One of our laboratory’s goals is to establish an automated, HTP solubility screening method using our Split-GFP technology. The method is routinely applied to full length proteins in solubility screening or to domain trapping of multi-domain proteins. In the later case, the correct solubility information is crucial in the prediction of the optimal domain boundaries, where a difference in a single amino acid can profoundly affect solubility, expression, and stability.

The purpose of this study is to benchmark alternative lysis method against sonication, in order to use the optimal method in our automated, HTP protein solubility assay, which would not require the implementation of the 96-well high throughput sonicator. We used a library of constructs covering an ACP domain region of the ppsC multidomain protein. The overall low solubility of proteins in Bugbuster® and lysozyme causes most of the larger proteins to measure as insoluble, compressing most of the data points into a narrow region (Fig. 2). Consequently, most of the fitting power in the correlation plot between the Bugbuster® and lysozyme is largely based on a small subset of the proteins being effectively released (the smaller fragments). In contrast, most of the proteins are successfully released by sonication, without bias to size of the protein. It is also important to note that the solubility of the fragments spanning the three ppsC domains is also related to the known boundaries of the domains. Figure 3 shows that most of the fragments reach their highest solubility values when approaching the boundary of the linker region between the ER and KR domains. Larger fragments that originate in the ER domain are predominantly <50% soluble. The solubility of these fragments can be affected by the larger size of the fragment itself and/or the ER domain’s incomplete or disrupted folding affecting the folding of the rest of the protein construct. Because SoluLyse® is well correlated with sonication indicates that this chemical method is acceptable for this work (Fig. 2). This can also be visualized in Fig. 3, where the most soluble Solulyse and sonication fragments indicate the boundary between the ER and KR domains.
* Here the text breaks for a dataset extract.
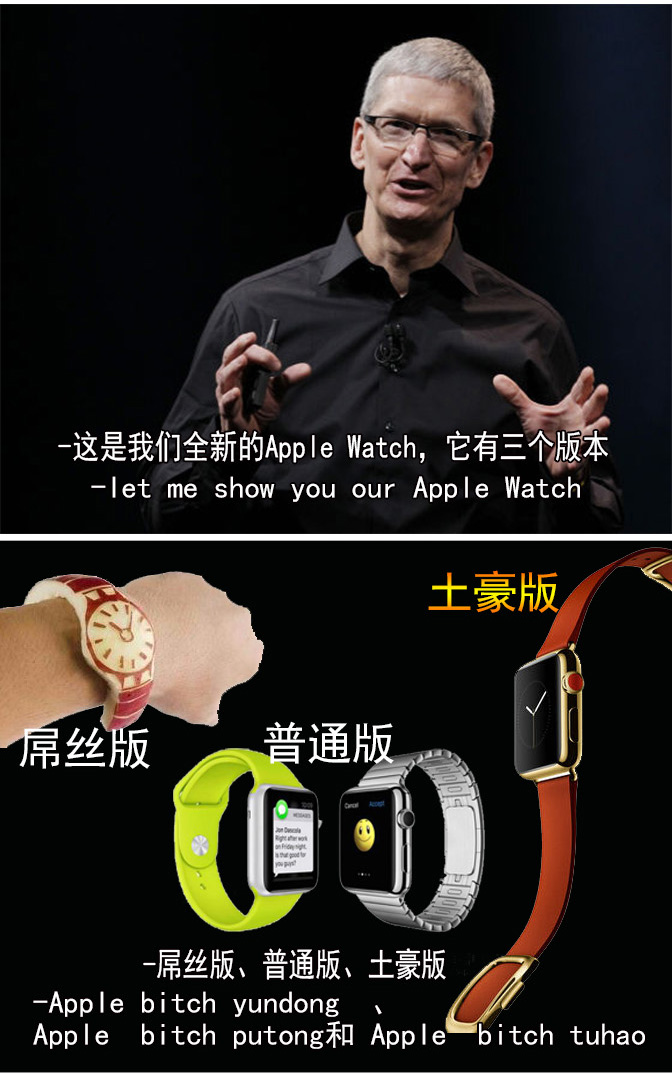 Duang什么鬼！用正常方式打開蘋果發(fā)布會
In conclusion, the purpose of this study is to evaluate several chemical lysis methods for the release of the soluble proteins from their bacterial expression host. When bacterial cells preparations are lysed on a small scale, majority of laboratories use the sonication as the most efficient method for complete cell rupture. Moving from laboratory bench to the HTP robotics platform often creates several bottlenecks, one of them being the availability of the high number of samples processing sonicators and/or their integration with the existing robotics platforms. For this reason, most HTP laboratories develop an in-house chemical lysis method, use commercially available chemical reagents with or without any modification, or include a manual sonication step, where the plates are moved away from the robotics platform and processed using stand alone sonicators. In our comparison study, SoluLyse® has shown to be the method with the highest correlation to sonication. Interestingly, widely used lysozyme and Bugbuster® failed in most our cases to completely release the soluble protein. In applications such as protein domain trapping, the precise solubility information is critical in predicting the boundaries of the domains. It is therefore of outmost importance that the lysis method used in such applications be non-perturbing. When sonication is inconvenient, or difficult to apply to many samples, we find SoluLyse® to be an acceptable alternative for the ACP fragment proteins as well as many other constructs we have examined to date.